Culture

«Y.M.C.A.», un test pour le droit d'auteur américain?

Temps de lecture : 2 min

la pochette du single «Y.M.C.A.» des Village People (Casablanca Records)
la pochette du single «Y.M.C.A.» des Village People (Casablanca Records)

Tube de l’hiver 1978-1979, le single Y.M.C.A. des Village People est en train de devenir «la pièce maîtresse de ce qui pourrait s’avérer un test significatif pour le droit d’auteur» aux Etats-Unis, selon le New York Times.

Victor Willis, le chanteur du groupe —souvenez-vous, celui qui s’habillait en officier de marine ou en policier—, a en effet engagé une procédure en justice afin de regagner les droits d’auteur de la chanson ainsi que de 32 autres. Sa porte-parole estime qu’il gagne 30.000 à 40.000 euros par an de royalties et que ce total pourrait «tripler ou quadrupler» si sa demande aboutissait.

Elle est contestée par les deux possesseurs actuels des droits, la société française Scorpio Music et son homologue américaine Can’t Stop Productions, qui estiment que le travail d’écriture de Victor Willis a été accompli en tant qu’«employé», les Village People ayant été un groupe «concept» créé à l’initiative des deux labels.
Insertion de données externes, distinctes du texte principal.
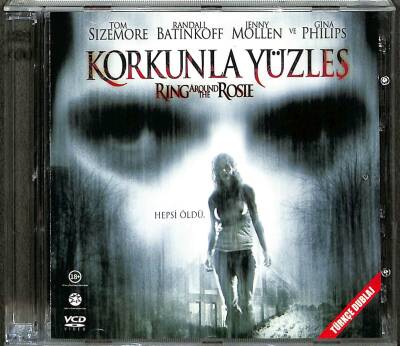 Korkunla Yüzleş VCD Film (108) VCD22563 - 3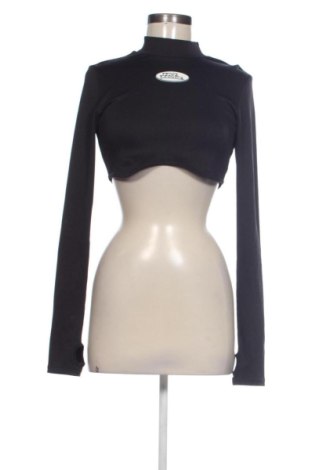 Bluzka damska H&M, Rozmiar S, Kolor Czarny, Cena 29,63 zł, #138044258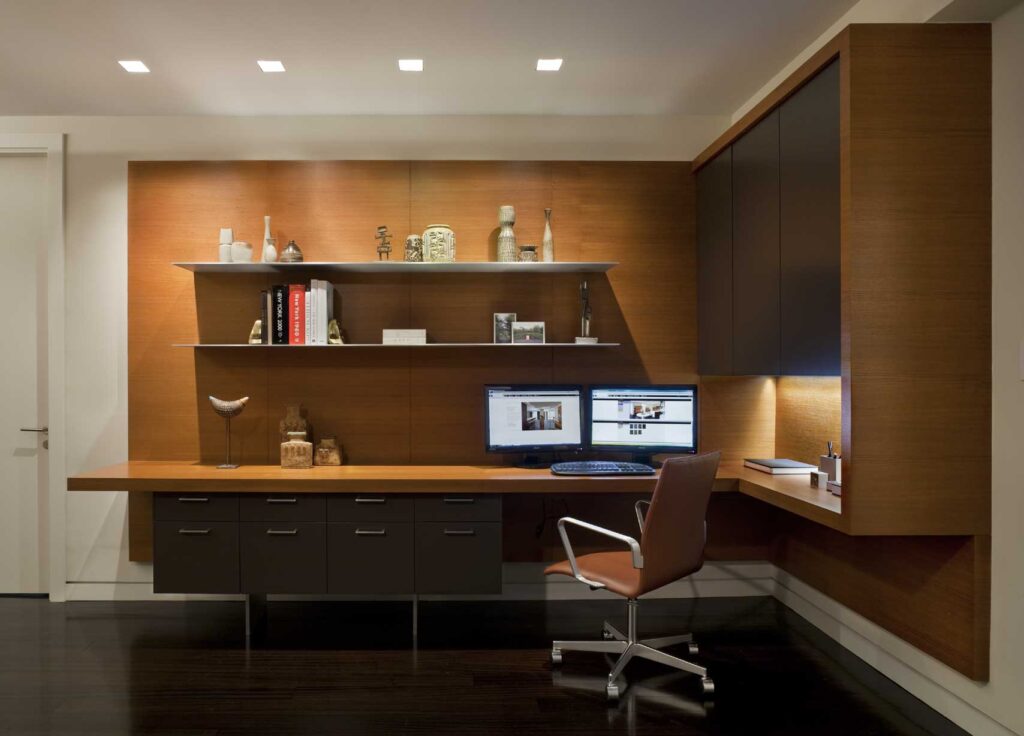 simple interior office design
Cette affaire s’inscrit dans un contexte légal compliqué aux Etats-Unis, celui des termination rights, que détaille un autre article du New York Times. Une loi votée en 1976 dispose en effet que les droits sur les œuvres musicales copyrightées après le 1er janvier 1978 peuvent être récupérés au bout de 35 ans, soit à partir du 1er janvier 2013, par les artistes qui les avait cédés à des tiers. Cela concerne aussi bien les droits d’auteur-compositeur (ceux de la ou les personnes qui ont écrit et arrangé la chanson) que ceux des interprètes (ceux de la ou les personnes qui l’ont gravé sur un enregistrement).
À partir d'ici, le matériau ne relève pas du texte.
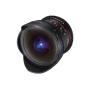 Samyang 12mm T3.1 VDSLR ED AS NCS Fisheye Lens for MFT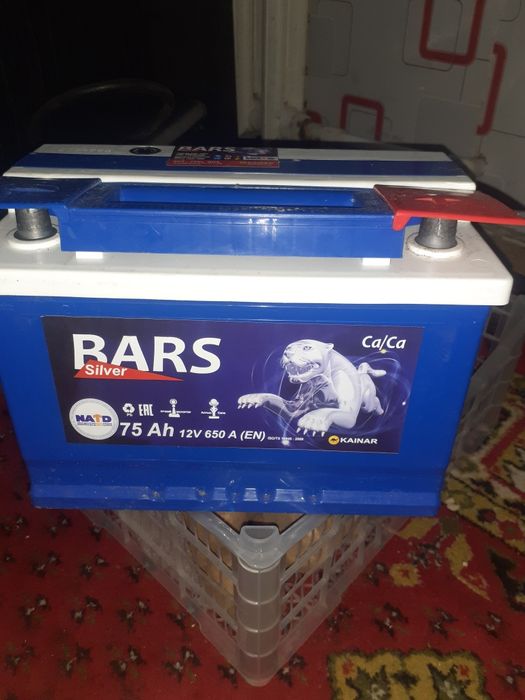 Продам аккумулятор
Les personnes concernées ont cinq ans après le délai de 35 ans pour agir, et doivent déposer leur demande deux ans au moins avant la date où elles veulent récupérer leurs droits, ce qui explique que les premières demandes soient déposées en 2011. Selon le New York Times, en dehors de Victor Willis, des artistes comme Bob Dylan, Tom Waits ou Tom Petty, qui ont tous enregistré des albums en 1978, se sont déjà manifestés.

Kenneth J. Abdo, un avocat qui a déposé des demandes au nom de plusieurs artistes, a affirmé au journal qu’il s’agissait d’un «changement qui menace la survie» des maisons de disques, «équivalent à l'arrivée d'internet». Tandis que PCInpact et L’Express, qui reprennent l’info en français, parlent eux d’un changement «létal» ou «fatal»…
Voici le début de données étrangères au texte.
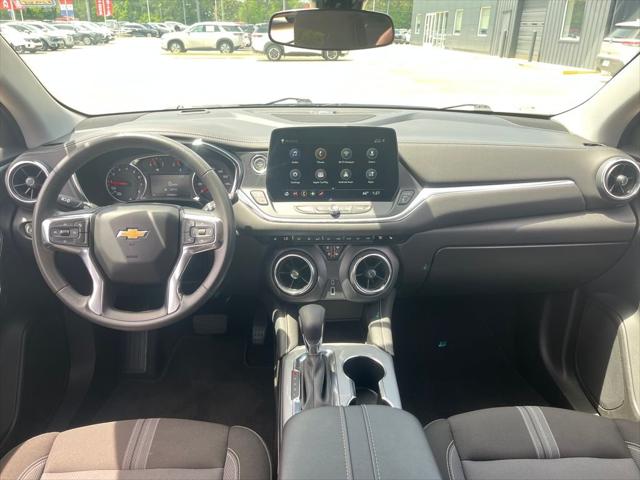 2025 Chevrolet Blazer FWD 2LT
Mais des problèmes de jurisprudence risquent de se poser, comme le fait de savoir, quand une œuvre est collective, combien d’auteurs doivent porter réclamation, ou quel est le statut des producteurs et musiciens de sessions. Lita Rosario, une autre avocate citée par le quotidien new-yorkais, prévoit que le litige ira jusqu’à la Cour suprême.